If you had the opportunity to say anything you wanted to say in a public forum and no one would ever know it was you saying it, what would you say? Would you reveal a secret that was eating away at you? Would you confess your love for someone? Would you ask a question that you had always been too embarrassed to ask? What about your child? What would your child say? Suppose your first thought was to say something slanderous or vicious about a situation or another person. Even if it was, I am sure that as a mature adult you would have the self-restraint and moral compass to steer clear of that initial urge. But what about your adolescent child? Brain research has revealed that as children enter adolescence the level of brain development they experience is equal to that of when they were first born. With so much development taking place it is necessary for the brain to focus its energy on the growing areas and pay less attention to others. Unfortunately, one of neglected areas is the part of the brain that is responsible for decision-making. For this reason, a ten-year-old child will tend to make better decisions than a thirteen year old. This may seem surprising to you, unless of course, you have a thirteen year old at home. Teenagers make bad decisions all the time; this is nothing new. What is new, however, is that these bad decisions are being made in public forums through social media and the repercussions can be devastating.

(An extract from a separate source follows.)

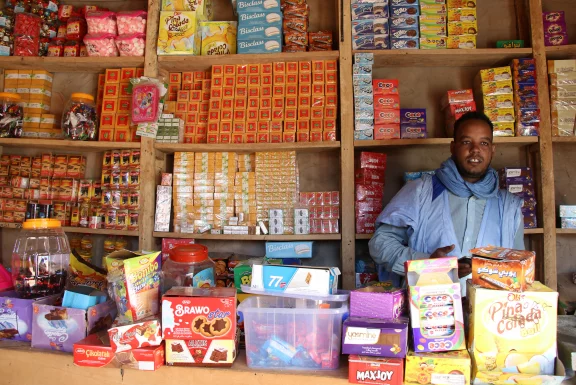 Un épicier de Chinguetti.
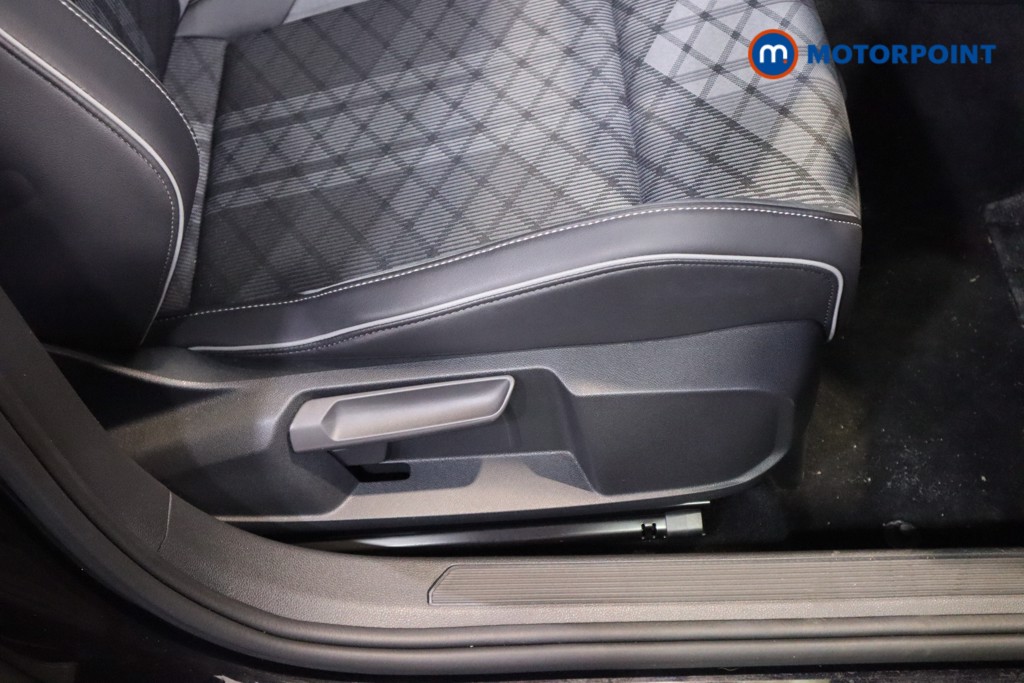 Volkswagen Golf R-Line Automatic Petrol Hatchback - Stock Number (1595161) - 16th supplementary image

I was motivated to write down my thoughts on this issue because of events that took place in my hometown recently. The events came about because of an app called Yik Yak. Yik Yak, as you may know, is an anonymous messaging app that allows you to see posts from anyone using the app within a 5-mile radius of where you are. It was created by two college students at Furman University with the idea that it could be used as a communication forum on college campuses (read more). The problem is anyone can download the app, so it didn’t take long for high school students to discover it and start using their diminished judgments to send messages. The results? Two schools went into lockdown because posts were made about guns being brought to school with the intent of shooting people. Police were dispatched to the various campuses to ensure student safety, and the city’s district attorney scrambled to identify the creator of the anonymous threat. The following day another school went into lockdown because of a similar message on Yik Yak.

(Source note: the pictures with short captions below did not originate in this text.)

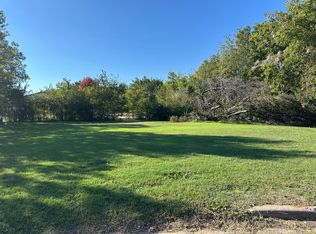 100 Palmer Dr, Monett, MO 65708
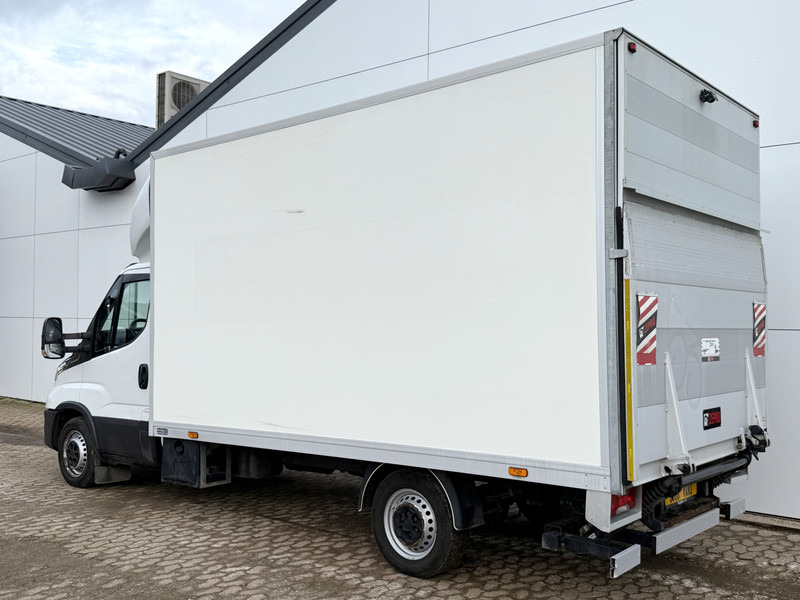 Iveco Daily 35S18 3.0 Laadklep Automaat LED Climate Control Adaptieve Cruise Control Standkachel Camera Navigatie - Autoutilitară box: Foto 2 Iveco Daily 35S18 3.0 Laadklep Automaat LED Climate Control Adaptieve Cruise Control Standkachel Camera Navigatie - Autoutilitară box: Foto 2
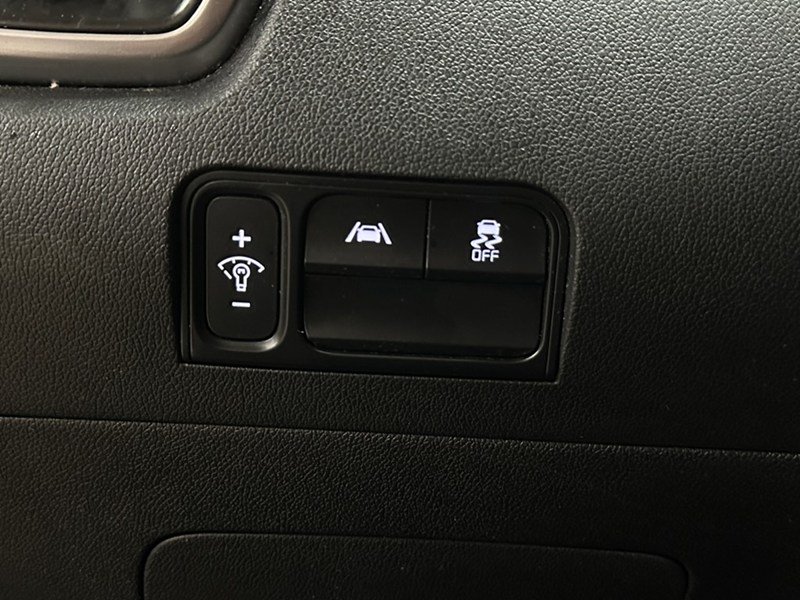 2021 Kia Sorento X-Line AWD I Car Play I 6 Passenger I Blind Spot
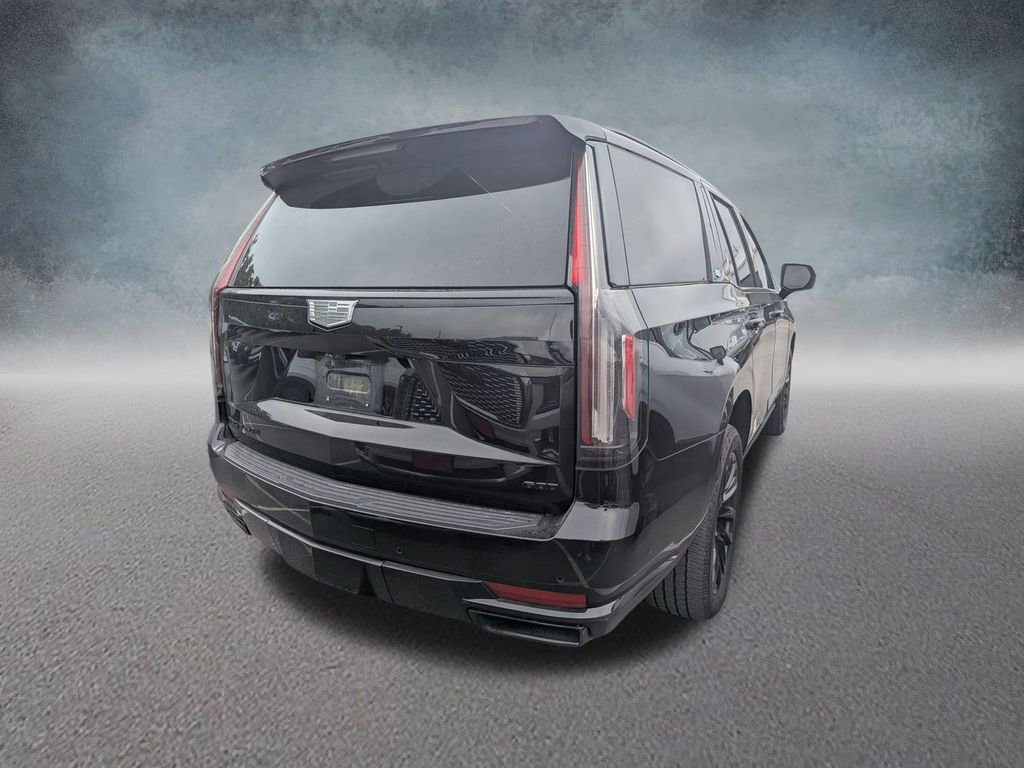 Used 2024 Cadillac Escalade Sport Platinum w/ LPO, ONYX Package AWD/4WD image 9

These are serious issues. Fortunately, in situations such as these, authorities have the ability to track down exactly who posts these “anonymous” threats. By Thursday of the same week the teenager responsible for the first messages was arrested, and it wasn’t long before the second teenager was identified as well.

As disturbing as all of this is, there is something else to this story that is haunting me. A friend of mine who was at one of the schools that experienced the initial threat showed me her phone (she had the Yik Yak app). I was of course upset by the threat of guns on campus, but I was also profoundly disturbed by the other slanderous messages I read. Students were using the forum to viscously attack fellow classmates. Although some people are prone to bullying without the aid of an anonymous forum, others seemed to be taking the opportunity to say some of the most vile and disturbing things about others that they would never dare say if the knew their names would be attached to it.

Someone could argue that these actions are just part of the lack of good judgment that comes with the adolescent physiological changes. For me, however, this goes beyond what brain research has uncovered: this is a matter of character. As a fifth grade teacher (and I know many other teachers who do this as well) I define character for my students as what we do when we think no one else is looking. Are we instilling in our children the kind of moral compass that would allow them to resist the temptation to anonymously tear down a fellow student? Are we teaching our children what it means to have good character?

These, of course, are not easy questions to answer. I know we would all like to think that our children would be above submitting vicious, slanderous, or even criminal comments in an anonymous forum, but how would we know for sure? The truth is we wouldn’t know, unless we were unfortunate enough to be the parents of the students mentioned earlier that were arrested for making terrorist threats. So what can we do? An obvious answer is to closely monitor what our children are doing electronically through text messages, online forums, emails, etc. But for me, it also goes back to the question I posed at the beginning of this writing; what would you say in an anonymous forum? If your inclination would be to say something malicious, how could you expect something different from your child? As much as our adolescent children don’t want to admit it, parents (and teachers) are powerful role models. They continue to watch and learn from us even when we think they are no longer paying attention.

Inevitably, we all made stupid mistakes as teenagers. The mistakes made by today’s teens however, have the potential to be broadcast across the entire community (or worse, the world). Making a concerted effort to focus on character development and morality may be the best defense for keeping our children safe in this technologically enhanced brave new world.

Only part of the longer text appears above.